Cheney wrote:I will certainly try this out as well to see if this helps but for some reason, I am just not getting positive results with this. I am thinking I am missing something. I reread all the posts to this thread. Would someone mind shedding some light on my scenario? I am sorry if some of this is repetitive.
If you cannot get a positive result, that could mean your parameter values are already optimal or there are bugs in the eval (I spent more time reviewing my eval code before running the tuning), or your training sets are not good like in extreme case all wins for side with passer and you are tuning a passer, so every time the position is encountered, increasing the passer bonus is always good. It should be balance by having a passer in the position but the result is draw or a loss.
Cheney wrote:What I have read about is some use "end of PV" nodes, use quiet nodes, comments about not running qsearch and just using the eval, and comments about comparing my results against results of a better engine. All of this confuses me :) and makes me think my process is wrong.
Texel method uses qsearch score. Another method is just using eval score, this is the method that obviously requires quiet training sets.
Cheney wrote:Based on what I have read on the process on how to test, this is what I know and have done:

First, My qsearch is a plain fail soft - no delta pruning, no TT, etc.
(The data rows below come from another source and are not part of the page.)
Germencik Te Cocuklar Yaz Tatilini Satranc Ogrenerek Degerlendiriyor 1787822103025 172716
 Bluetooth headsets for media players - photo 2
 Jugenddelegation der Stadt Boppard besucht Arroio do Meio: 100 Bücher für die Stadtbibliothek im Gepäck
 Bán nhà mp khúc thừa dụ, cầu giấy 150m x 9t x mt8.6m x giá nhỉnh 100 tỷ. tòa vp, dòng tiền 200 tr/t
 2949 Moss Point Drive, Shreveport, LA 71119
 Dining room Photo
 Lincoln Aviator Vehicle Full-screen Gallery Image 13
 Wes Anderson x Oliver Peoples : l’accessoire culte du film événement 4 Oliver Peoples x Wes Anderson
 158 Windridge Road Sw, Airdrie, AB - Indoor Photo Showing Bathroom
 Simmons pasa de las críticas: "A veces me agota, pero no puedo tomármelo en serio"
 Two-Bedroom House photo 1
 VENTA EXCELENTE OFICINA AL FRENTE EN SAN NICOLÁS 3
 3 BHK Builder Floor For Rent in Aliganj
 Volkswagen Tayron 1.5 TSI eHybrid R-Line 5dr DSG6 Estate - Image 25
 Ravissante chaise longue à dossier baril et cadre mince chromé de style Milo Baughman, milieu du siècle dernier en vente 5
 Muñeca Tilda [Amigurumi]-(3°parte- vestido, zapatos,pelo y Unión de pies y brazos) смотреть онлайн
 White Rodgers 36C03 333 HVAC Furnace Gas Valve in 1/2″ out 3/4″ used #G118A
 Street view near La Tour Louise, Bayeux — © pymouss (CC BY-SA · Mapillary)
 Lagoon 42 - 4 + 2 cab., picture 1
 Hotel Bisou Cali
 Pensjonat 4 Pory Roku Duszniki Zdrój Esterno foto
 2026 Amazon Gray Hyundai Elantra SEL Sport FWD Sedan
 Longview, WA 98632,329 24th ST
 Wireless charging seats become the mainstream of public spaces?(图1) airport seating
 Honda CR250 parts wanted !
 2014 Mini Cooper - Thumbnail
I have engine version 1 and version 2. They played 64k games. Version 2 is a bit better than version 1 as it has the pawn parameters I wish to test and tune.

From these games, I extracted 8+ million positions, excluded opening book positions and positions when mate was found. The fen was saved with the game result (0 for black won that game, 0.5 for draw, 1 for white won).

I had the engine compute a K value. All the engine did was load each FEN (and the game result), run qsearch, get the returned score, store it and the result into a vector, and once all fens were searched, I calculated a K with minimal E.

So far, at no point did I compare anything with the real scores from the real games that were played or any other scores from other engines.

Next, I used the gradient search (local search seems to be another name used) to tune a few values.

First, with K set (as discovered in a previous paragraph), I'd qsearch all the positions again with all the eval parameters at their "base" settings. The E determined here is now the best E.

Second, I'd have eval-param1 increased by 1, qsearch all the positions, and using all the new returned scores and the known K, I could determine a new E and if it is better than the best E.

Third, based on if a new best E was found or not, I'd either decrease eval-param1 or move onto the next eval-param while saving the new best E.
If there is new best E, save the param values and move on to the next param and use all best params in the succeeding test. If best E is not reduced, change the delta of the param and test again. If all deltas have been tried move on to the next param of course.
Cheney wrote:Should I only tune parameters when my engine loses to the older version?
Tune parameters when you have changes to eval and search.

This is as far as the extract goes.